**Problem requirements**
From the entries below, retype only the lines from the one with "Nissan ELGRAND 2016-02 8035384-5" through the one with "Thumbnail: 2023 Volkswagen Atlas - 22", exactly as written.

**Records provided**

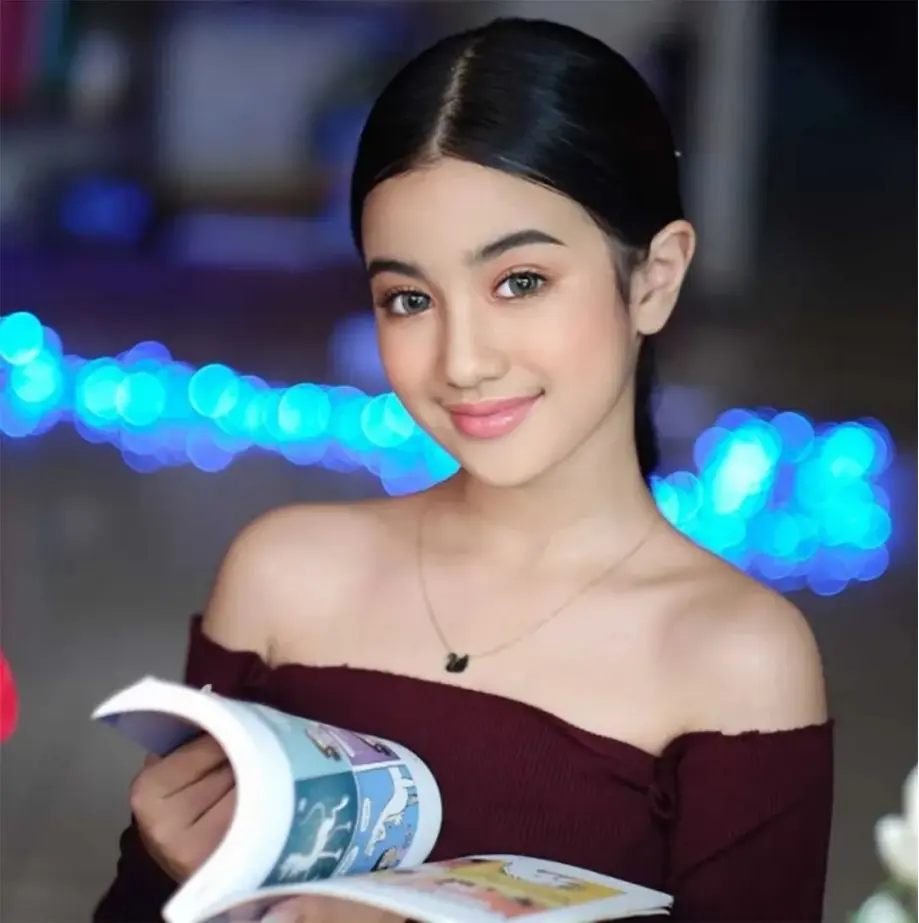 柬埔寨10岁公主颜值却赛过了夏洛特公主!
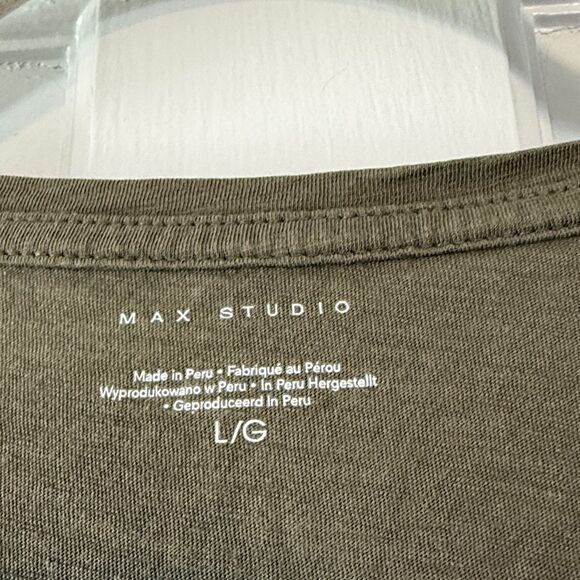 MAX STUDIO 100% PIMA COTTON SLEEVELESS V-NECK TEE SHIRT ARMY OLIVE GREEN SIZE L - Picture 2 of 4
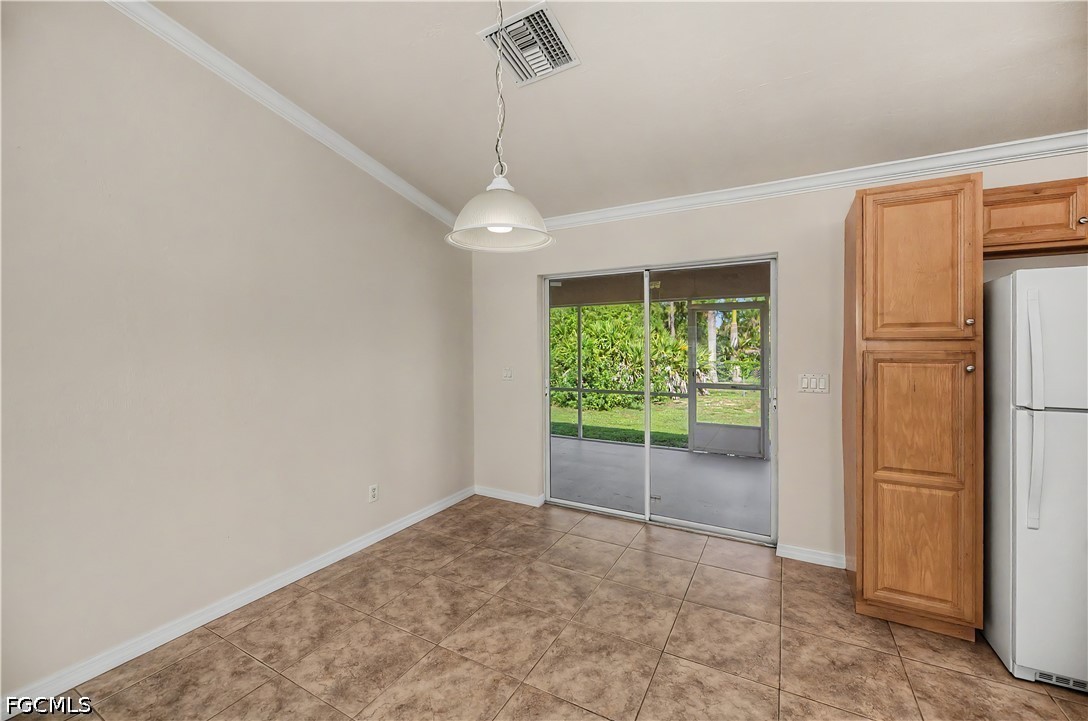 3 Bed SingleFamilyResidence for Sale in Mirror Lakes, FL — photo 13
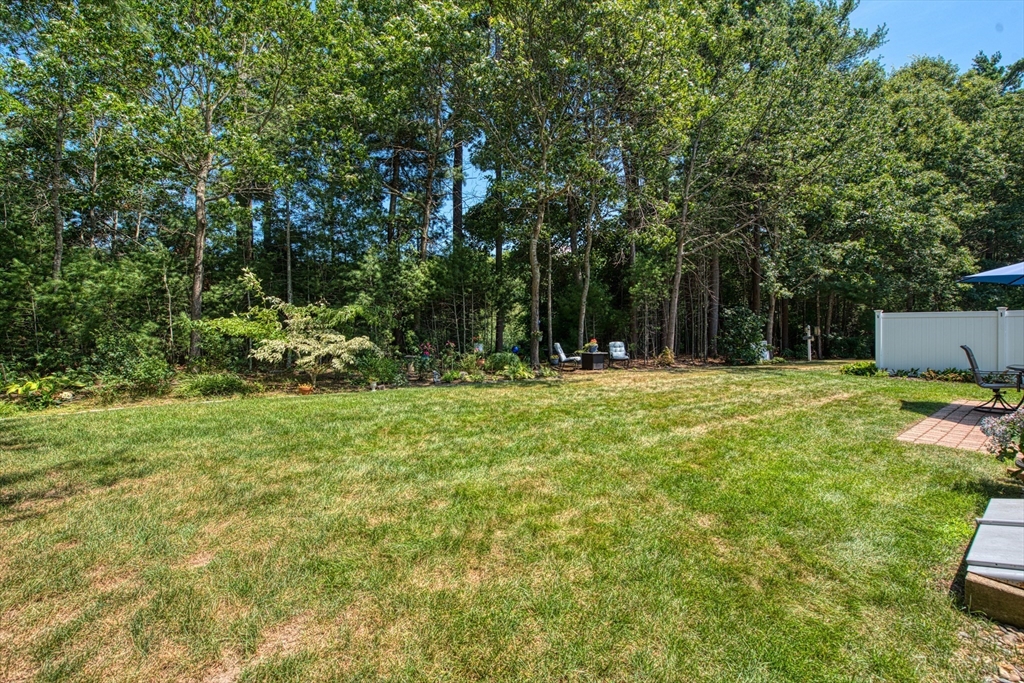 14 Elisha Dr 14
* * *
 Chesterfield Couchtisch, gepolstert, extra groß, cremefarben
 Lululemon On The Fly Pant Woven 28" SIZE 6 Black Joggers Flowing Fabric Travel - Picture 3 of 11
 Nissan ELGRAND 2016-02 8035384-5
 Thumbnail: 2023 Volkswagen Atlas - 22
==
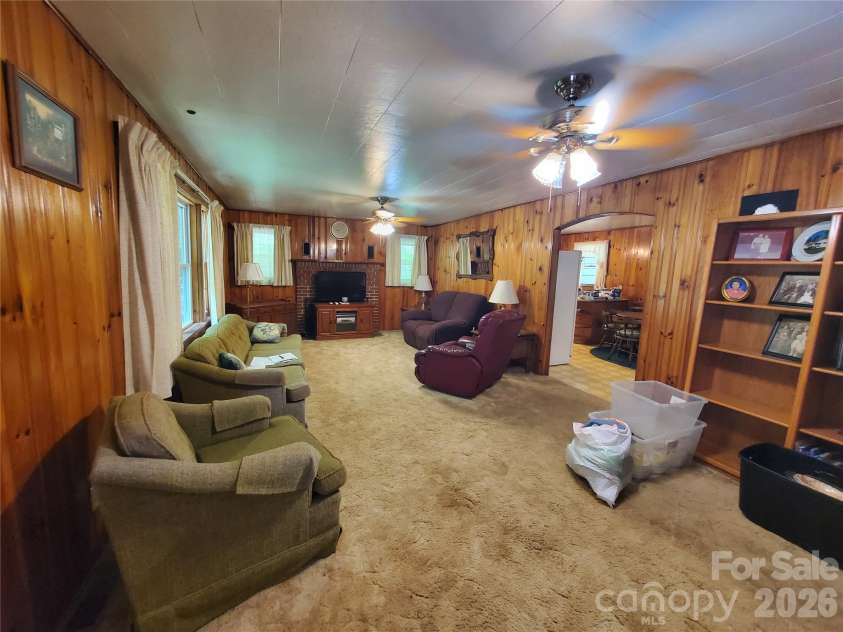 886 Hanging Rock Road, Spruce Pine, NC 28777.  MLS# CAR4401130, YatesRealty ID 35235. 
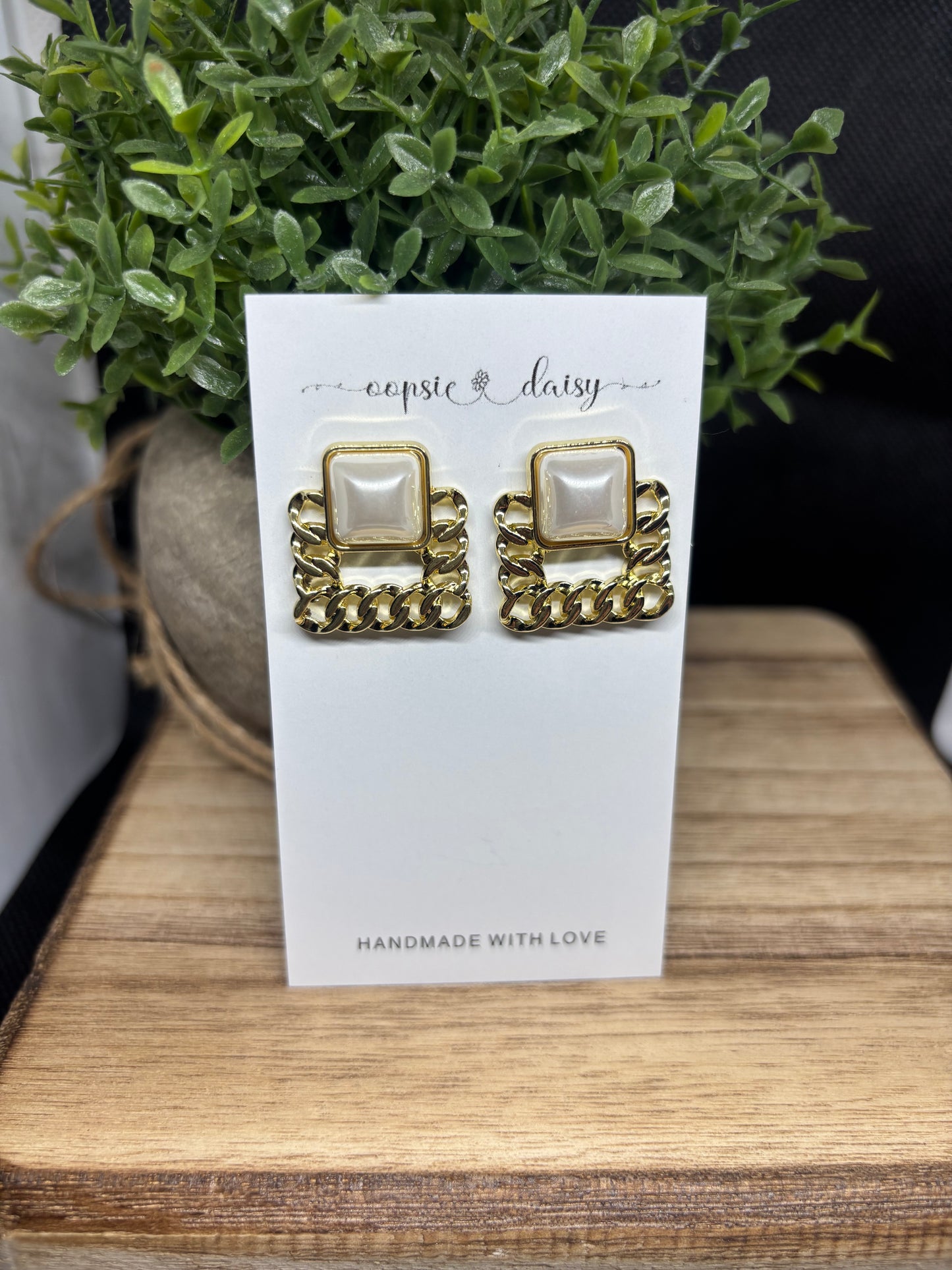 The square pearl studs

**Response to the exercise**
 Nissan ELGRAND 2016-02 8035384-5
 Thumbnail: 2023 Volkswagen Atlas - 22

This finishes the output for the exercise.